The Social Network

The Social Network Study Guide

Directed by David Fincher, The Social Network is a 2010 drama film loosely based on controversies surrounding the creation of Facebook.

In the fall of 2003, Mark Zuckerberg (Jesse Eisenberg) is an intelligent but arrogant Harvard sophomore. When his girlfriend dumps him, he creates a website that ranks the attractiveness of photographs of women on campus. The popularity of the website causes a stir on campus and three fellow students hire Mark to build their Harvard-exclusive dating website. The film then begins intercutting scenes from deposition hearings in the future, when Mark is facing multiple lawsuits for stealing the idea for Facebook and for misleading his friend and business partner Eduardo Saverin (played by Andrew Garfield) into signing away his stake in the company. As Facebook quickly grows in popularity, Mark's relationship with Eduardo becomes increasingly strained, leading Eduardo to freeze the company bank account. Mark retaliates by creating a newly incorporated company and tricking Eduardo into signing an agreement that dilutes his shares to a fraction of the third he started with. The film ends with Mark settling the lawsuits and sending a Facebook friend request to the girlfriend who dumped him in the film's first scene.

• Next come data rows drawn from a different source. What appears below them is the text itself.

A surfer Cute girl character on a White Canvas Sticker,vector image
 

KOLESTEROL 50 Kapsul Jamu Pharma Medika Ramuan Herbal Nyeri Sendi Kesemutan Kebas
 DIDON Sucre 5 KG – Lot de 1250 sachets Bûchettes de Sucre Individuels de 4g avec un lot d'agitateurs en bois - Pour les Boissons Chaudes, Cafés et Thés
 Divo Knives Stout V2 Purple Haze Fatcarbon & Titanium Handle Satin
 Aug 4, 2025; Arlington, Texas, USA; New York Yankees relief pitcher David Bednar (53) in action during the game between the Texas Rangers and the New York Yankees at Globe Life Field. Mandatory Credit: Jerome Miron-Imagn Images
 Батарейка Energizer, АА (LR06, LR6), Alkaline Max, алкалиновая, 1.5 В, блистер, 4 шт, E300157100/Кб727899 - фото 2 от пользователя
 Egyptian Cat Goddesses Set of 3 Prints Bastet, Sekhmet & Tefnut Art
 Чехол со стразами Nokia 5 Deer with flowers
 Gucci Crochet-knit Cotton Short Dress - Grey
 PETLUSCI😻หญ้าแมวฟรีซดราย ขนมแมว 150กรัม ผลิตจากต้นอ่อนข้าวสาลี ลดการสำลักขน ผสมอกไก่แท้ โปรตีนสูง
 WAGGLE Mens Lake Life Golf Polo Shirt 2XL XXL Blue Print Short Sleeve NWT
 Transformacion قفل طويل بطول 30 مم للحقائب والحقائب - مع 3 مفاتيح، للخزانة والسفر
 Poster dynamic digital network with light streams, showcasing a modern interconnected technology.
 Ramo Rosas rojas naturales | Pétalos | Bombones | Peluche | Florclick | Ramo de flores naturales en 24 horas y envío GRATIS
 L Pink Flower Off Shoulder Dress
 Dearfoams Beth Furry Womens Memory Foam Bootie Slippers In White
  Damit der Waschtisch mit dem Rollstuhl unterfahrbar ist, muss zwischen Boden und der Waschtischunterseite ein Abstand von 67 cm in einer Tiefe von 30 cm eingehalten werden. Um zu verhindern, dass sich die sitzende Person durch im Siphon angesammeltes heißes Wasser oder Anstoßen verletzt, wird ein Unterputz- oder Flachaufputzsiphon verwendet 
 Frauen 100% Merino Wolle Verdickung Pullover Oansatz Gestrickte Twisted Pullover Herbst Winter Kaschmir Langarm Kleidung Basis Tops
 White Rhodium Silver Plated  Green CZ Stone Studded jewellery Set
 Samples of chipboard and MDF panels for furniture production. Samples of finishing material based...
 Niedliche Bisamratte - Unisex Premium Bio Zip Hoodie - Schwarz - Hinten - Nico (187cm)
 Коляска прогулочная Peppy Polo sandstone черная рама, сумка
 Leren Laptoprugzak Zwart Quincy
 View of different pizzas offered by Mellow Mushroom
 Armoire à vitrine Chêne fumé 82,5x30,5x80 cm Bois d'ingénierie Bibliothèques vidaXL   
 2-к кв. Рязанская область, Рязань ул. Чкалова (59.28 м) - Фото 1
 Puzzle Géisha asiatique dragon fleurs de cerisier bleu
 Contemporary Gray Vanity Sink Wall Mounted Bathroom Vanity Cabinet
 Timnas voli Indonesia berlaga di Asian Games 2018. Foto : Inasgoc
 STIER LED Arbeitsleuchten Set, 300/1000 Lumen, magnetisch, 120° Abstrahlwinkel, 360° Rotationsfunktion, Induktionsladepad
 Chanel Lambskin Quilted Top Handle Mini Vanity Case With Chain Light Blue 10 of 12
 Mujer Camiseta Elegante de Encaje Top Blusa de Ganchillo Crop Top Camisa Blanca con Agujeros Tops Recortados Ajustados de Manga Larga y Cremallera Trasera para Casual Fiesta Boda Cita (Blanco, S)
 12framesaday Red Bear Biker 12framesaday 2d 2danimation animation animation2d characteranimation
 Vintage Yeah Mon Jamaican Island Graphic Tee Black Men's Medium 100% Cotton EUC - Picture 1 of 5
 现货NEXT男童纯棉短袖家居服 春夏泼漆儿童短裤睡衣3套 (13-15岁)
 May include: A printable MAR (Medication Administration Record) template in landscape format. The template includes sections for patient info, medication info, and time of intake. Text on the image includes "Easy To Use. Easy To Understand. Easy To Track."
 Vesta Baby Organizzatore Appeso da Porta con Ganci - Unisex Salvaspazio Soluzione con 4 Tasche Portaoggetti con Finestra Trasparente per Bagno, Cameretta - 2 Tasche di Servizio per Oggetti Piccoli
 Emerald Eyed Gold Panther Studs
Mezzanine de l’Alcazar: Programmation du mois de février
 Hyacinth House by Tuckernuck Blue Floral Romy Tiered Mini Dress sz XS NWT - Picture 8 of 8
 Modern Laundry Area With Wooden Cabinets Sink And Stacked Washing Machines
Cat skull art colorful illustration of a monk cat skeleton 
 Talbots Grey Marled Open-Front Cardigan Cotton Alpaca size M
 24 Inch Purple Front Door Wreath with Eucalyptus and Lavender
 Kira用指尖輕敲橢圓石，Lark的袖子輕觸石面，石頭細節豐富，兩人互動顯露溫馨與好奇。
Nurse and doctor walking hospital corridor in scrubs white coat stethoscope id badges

Exploring themes of aspiration, alienation, misogyny, genius, and betrayal, the film chronicles Zuckerberg's unlikely rise from socially isolated college student to billionaire CEO of one of the world's largest tech companies. Although the film is based on real-life controversies, Aaron Sorkin's script was adapted from The Accidental Billionaires, an unverified dramatization of Eduardo Saverin and Mark Zuckerberg's relationship. Both Saverin and Zuckerberg have disputed their portrayals in The Social Network, with Saverin calling the movie "Hollywood fantasy" and insisting that there are no hard feelings between him and Zuckerberg.

At release, The Social Network received nearly universal positive reviews. Critic Sandra Hall of the Sydney Morning Herald loved the film, calling it "a shamelessly biased account, as well as a seductively plausible one, although you have to keep your wits about you to get the full effect." At the Academy Awards, it was nominated for Best Picture, Best Leading Actor for Eisenberg, Best Director, Best Cinematography, and Best Sound Mixing. It won the Academy Awards for Best Adapted Screenplay, Best Film Editing, and Best Original Score. The film was also financially successful: against a budget of $40 million, it made $224.9 million at the box office. In interviews, several of the major creative forces behind the film, including Eisenberg and Sorkin, have said they would take part in a sequel.